Every small business should have some basic internal controls to help mitigate business risks, including employee fraud and accounting mistakes. Many small businesses rely on one person to do all the accounting, and do not have enough staff to segregate duties, but even a relatively small business can have some effective fraud deterring processes.
Five key controls to consider:
- Review monthly bank statements, including cancelled checks. This forces the owner to keep a close watch on expenses. When reviewing cancelled checks and electronic payments, make sure to know who is being paid and verify the amounts are valid expenses of the business. Even if you sign the checks, unauthorized transfers or payments may come through the bank.
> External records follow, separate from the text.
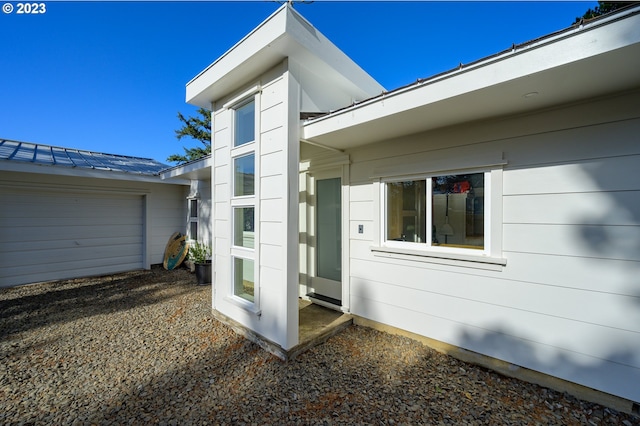 view of side of property with a garage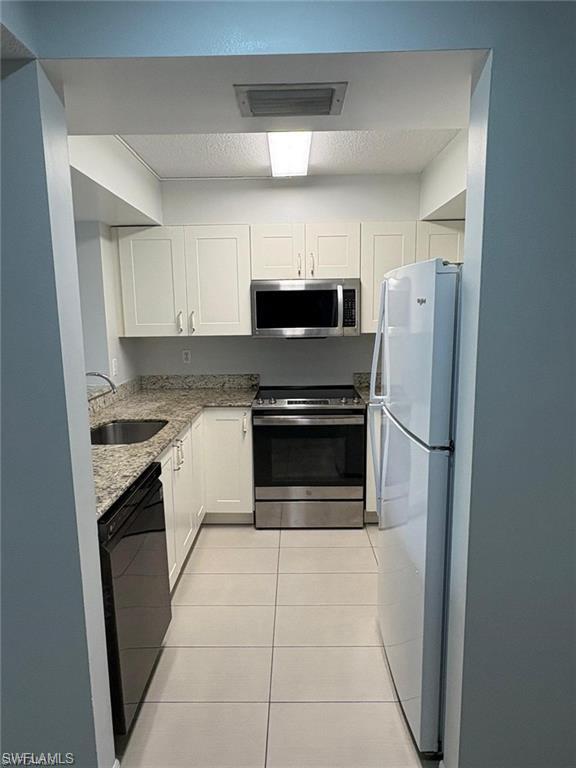 109 Wading Bird Circle, Unit V102 Naples, FL 34110 - Photo 8 of 15 a kitchen with granite countertop a refrigerator and a stove top oven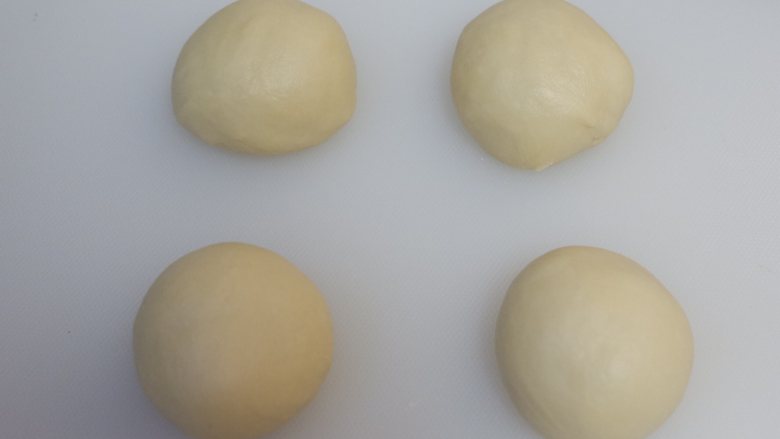 豆沙面包卷,平均分成4份,滚圆,盖上保鲜膜松弛10分钟。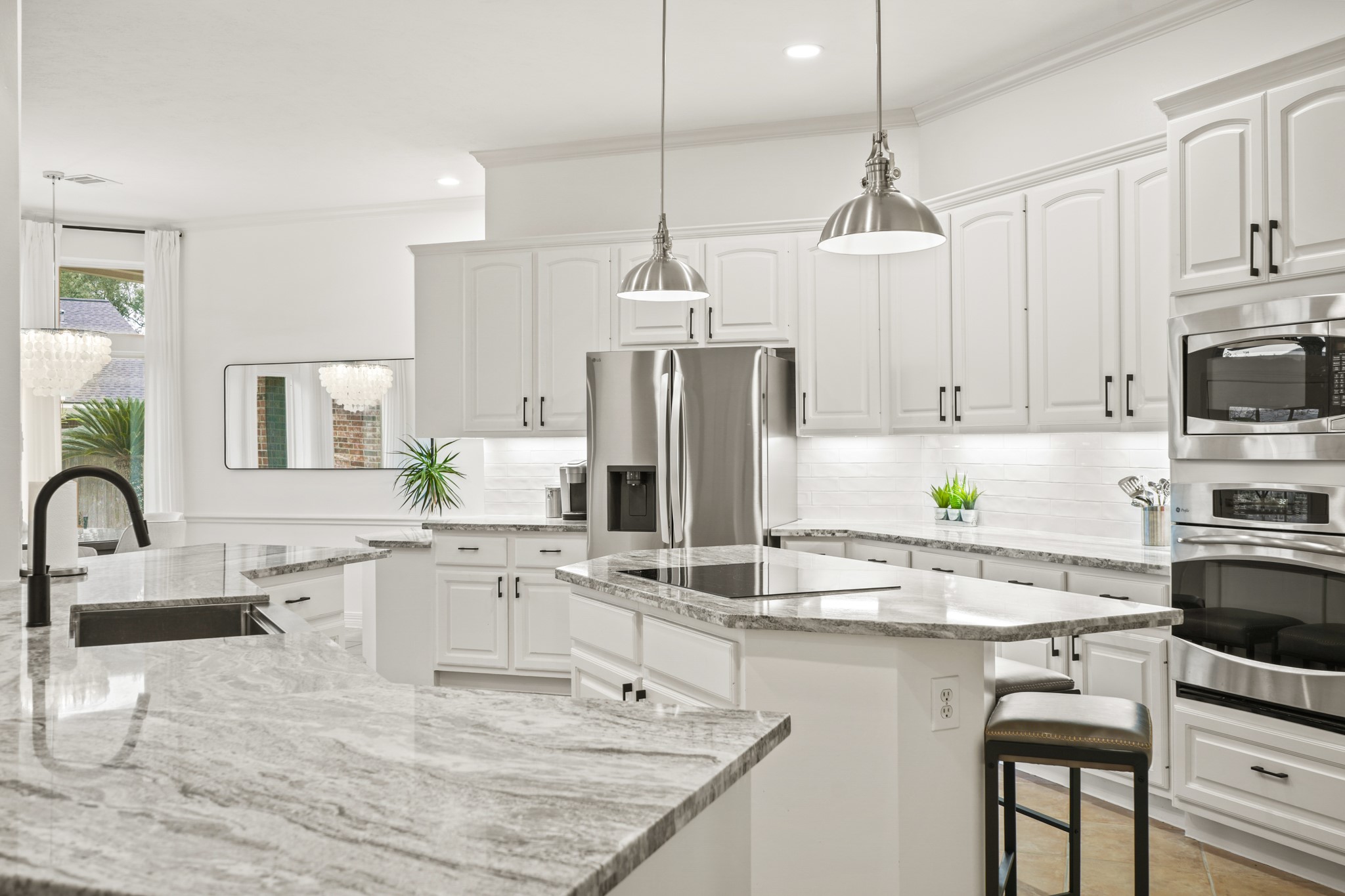12210 Pebble Meadows Houston, TX 77041 - Photo 6 of 28 a kitchen with stainless steel appliances granite countertop a sink stove and refrigerator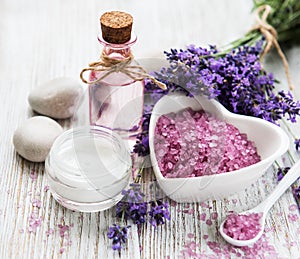 Heart-shaped bowl with sea salt, oil  and fresh lavender flowers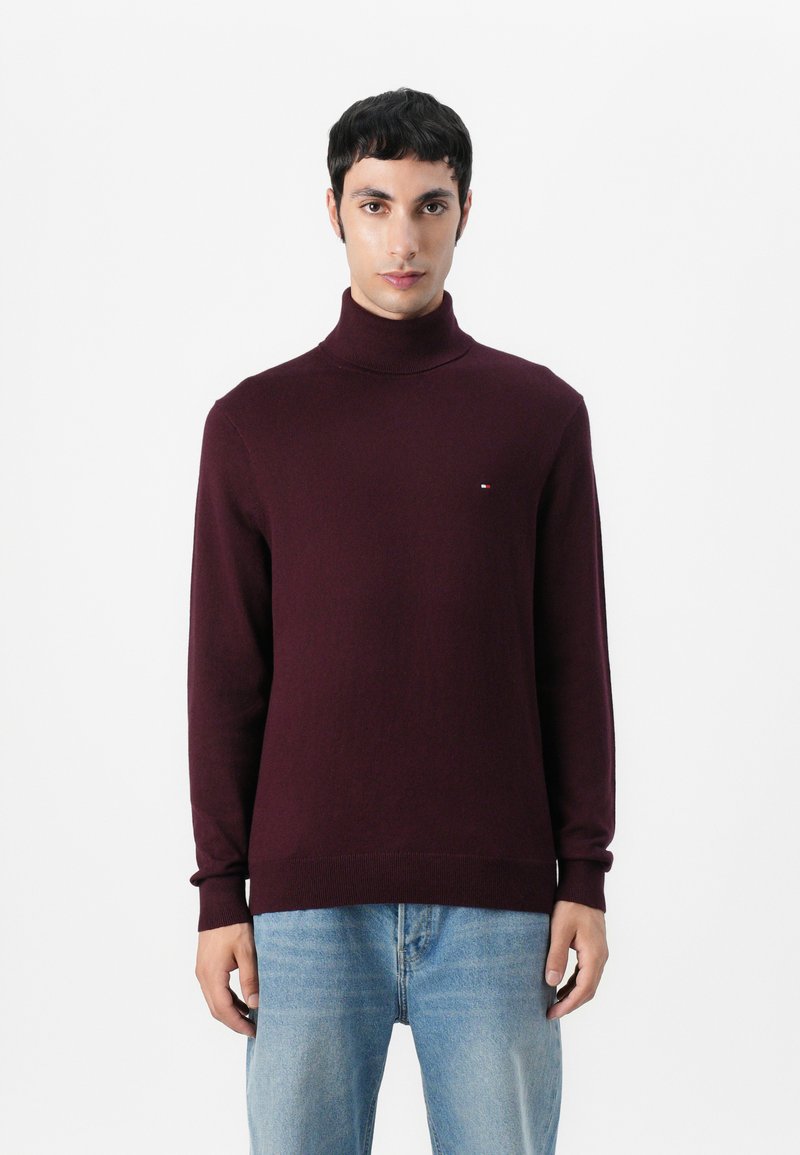 Pull à col roulé bordeaux en doux tricot, avec des poignets et un ourlet côtelés. Petit logo sur la poitrine. Assorti à un jean bleu clair.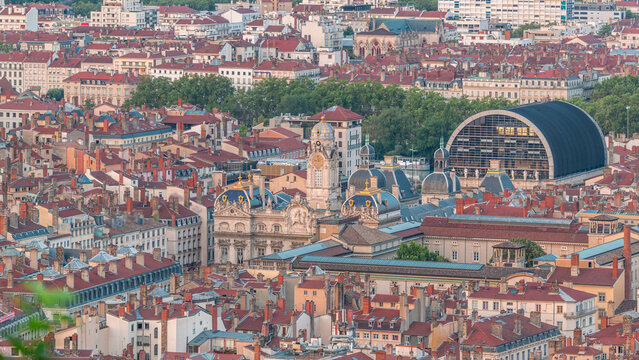 Aerial timelapse of Hotel de Ville de Lyon, the historic city hall of Lyon, France. Historic center with red roofs from above.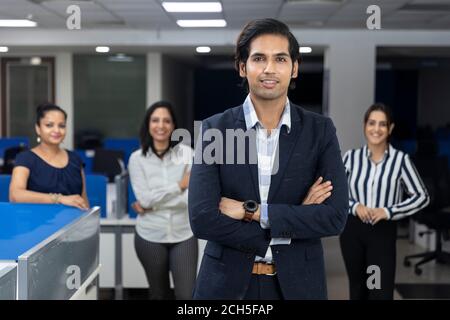 Selbstbewusster indischer Geschäftsmann, der vor seinen Bürokollegen steht, selektiver Fokus, Unternehmensumfeld, Teammitglieder, Geschäftsbüro. Stockfoto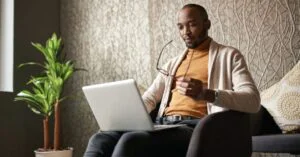 Man sitting in a chair and looking at a laptop, used as the featured image for a free outline generator article.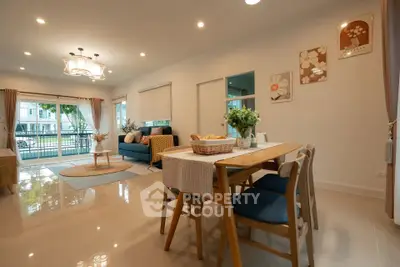 Spacious modern living room with dining area and large windows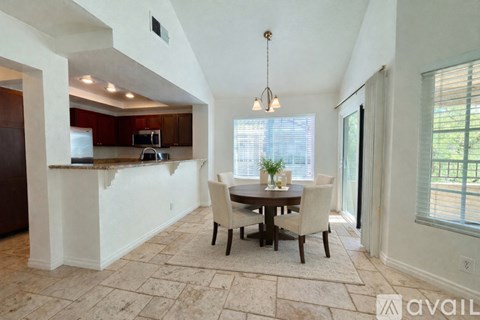 A dining room with a table set for four and a kitchen area in the background.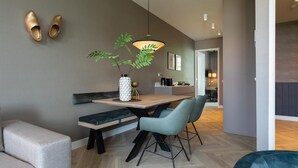 A modern dining area with a wooden table, two chairs, a bench, and a hanging pendant light. - Stylish 2-bedroom Apartment in The Hague (The Hague)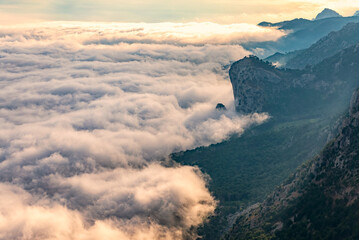 Majestic orange sunset over the rocky mountains and the valley in fog and clouds. Creamy fog covered the mountain valley in sunset light. Misty sunset over Crimea Mountains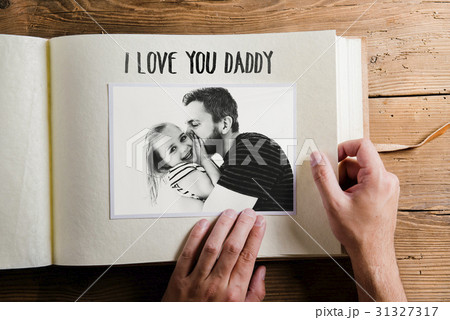 Fathers day concept. Photo album. Wooden Fathers day concept. Photo album. Wooden 31327317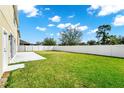 Spacious backyard features a well-maintained lawn and a white fence, perfect for outdoor activities at 137 Kays Landing Dr, Sanford, FL 32771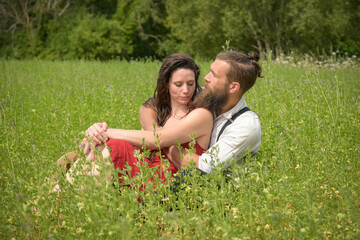 beautiful caucasian couple in love in a meadow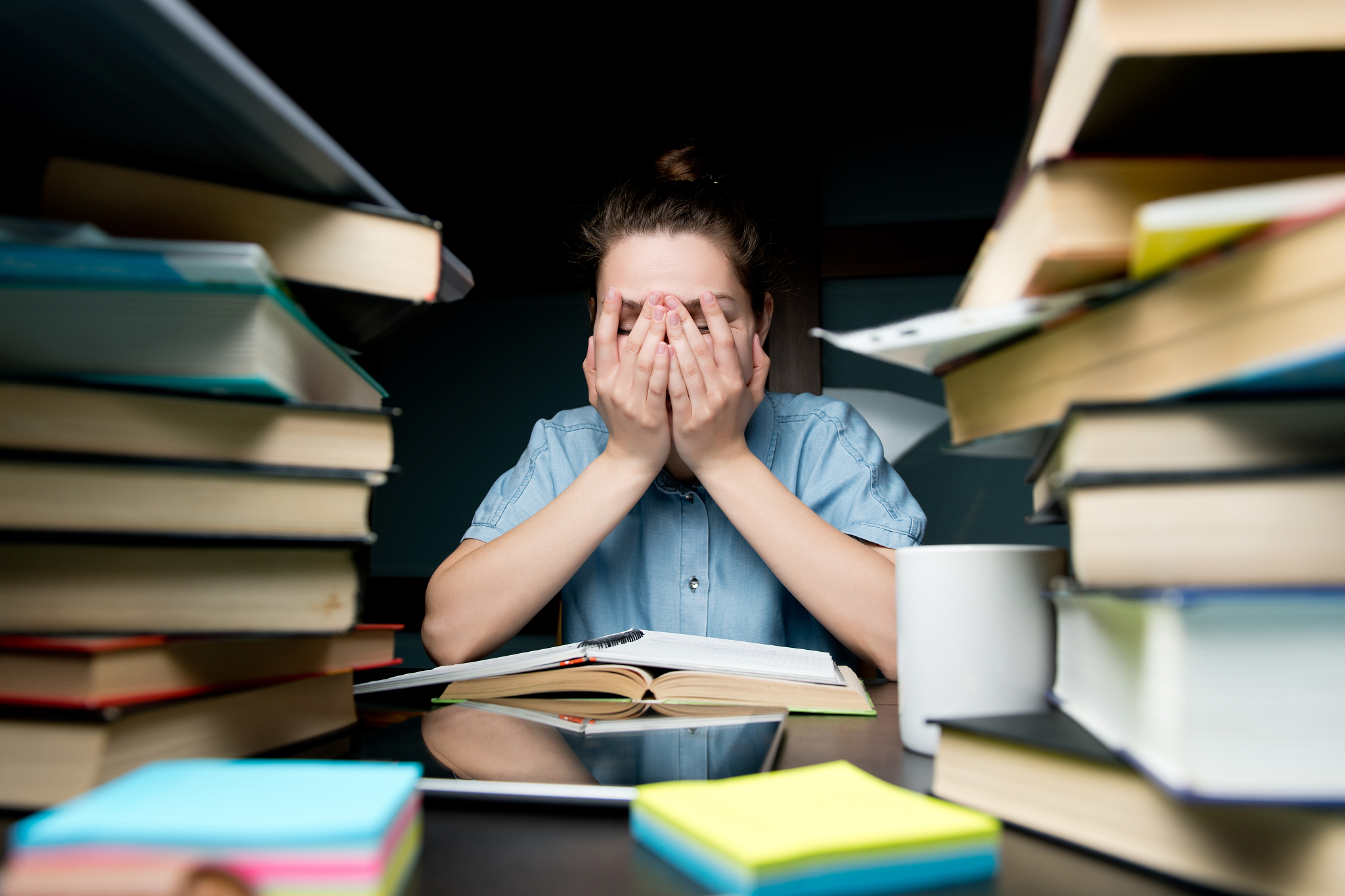 a young girl covers her face with her hands. she is tired of stu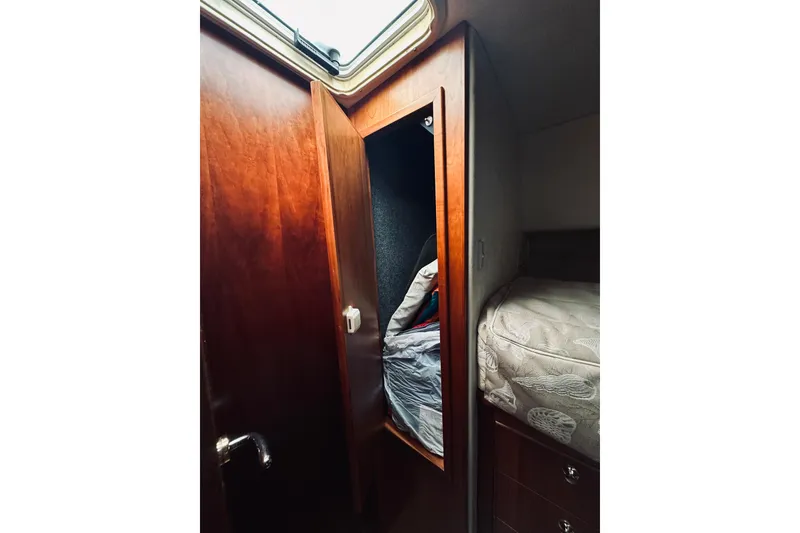 Slide: The Image of Storage compartment in 2000 Riviera 40 boat with cushions and bags. - 52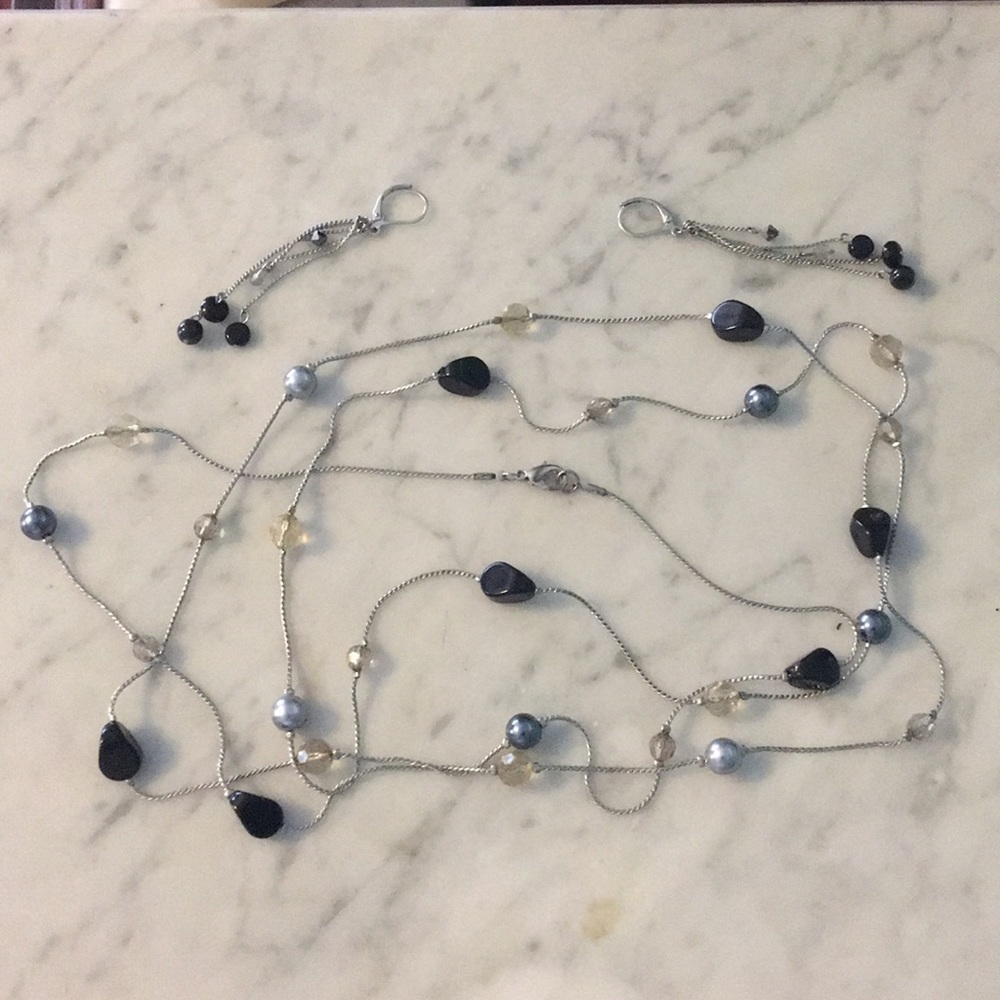Long necklace and matching earring set.
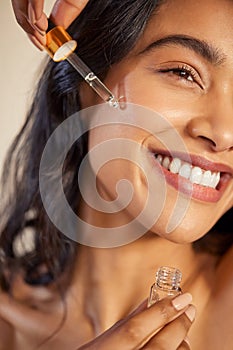 Close up face of woman applying anti aging serum on face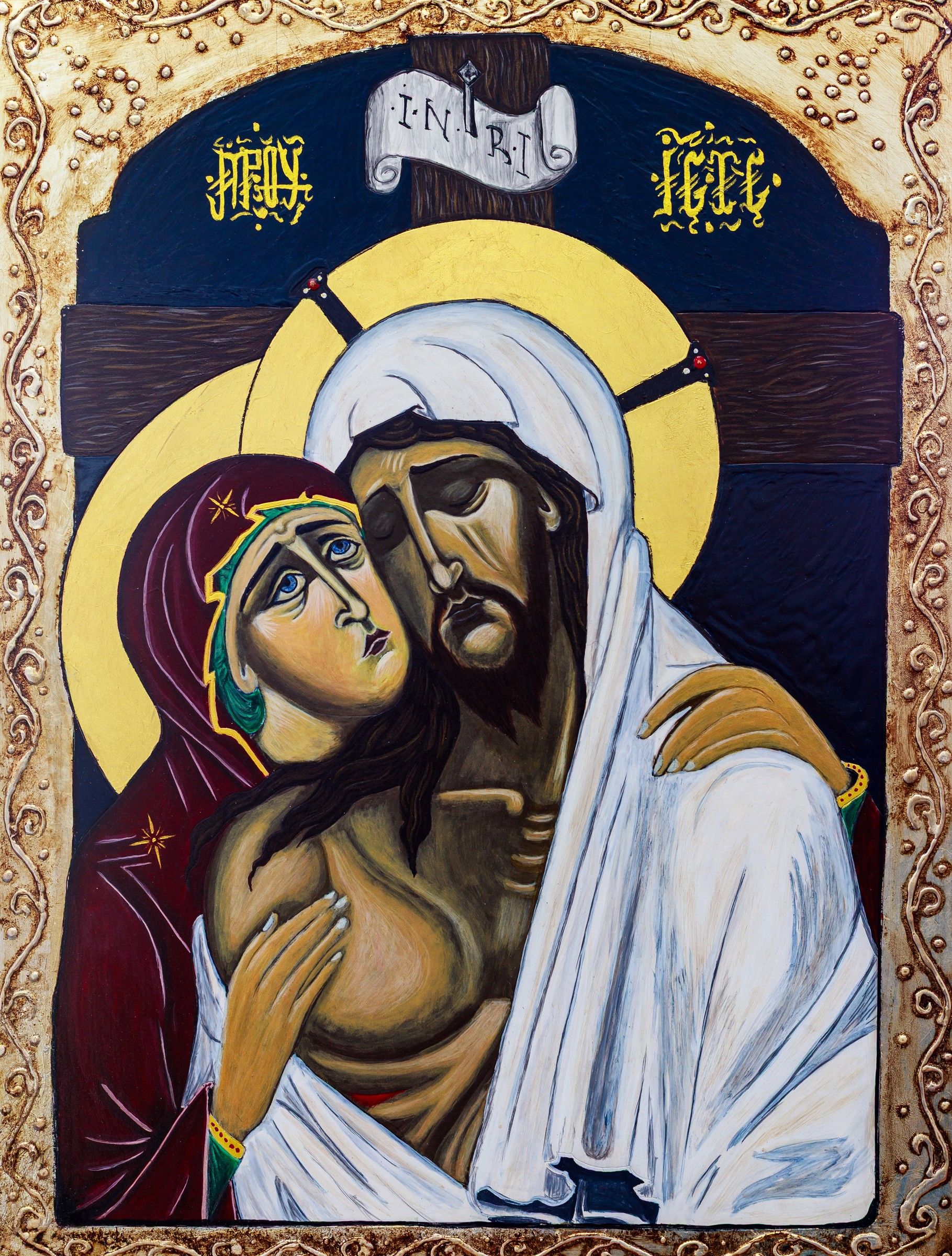 Icône de la Pietà : la Mère de Dieu embrasse le Christ mort, fond bleu nuit, bordure dorée ornementale, inscriptions grecques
- Sign checks yourself. If your schedule doesn’t allow for check signing, limit the number of individuals with authority to sign checks. Signature stamps are recommended.
- Review all credit and debit card statements. All employees should be required to keep detailed receipts to substantiate charge transactions.
- Conduct a background check before hiring. Employees who handle cash, payroll, and finances should be screened. Consider conducting a credit check on employees who handle cash.
- Monitor incoming cash. For point of sale transactions, count the cash drawer each day and log the cash over or short. For payments received at the office, keep track of the mail, and watch the accounts receivable listing for long past due accounts.
If you have a small office or your schedule keeps you away from the finances, you may consider employee theft insurance. For a small cost, you can have insurance protect you from major loss.
A few key controls can keep your accounting from getting away from you, and keep your money safe.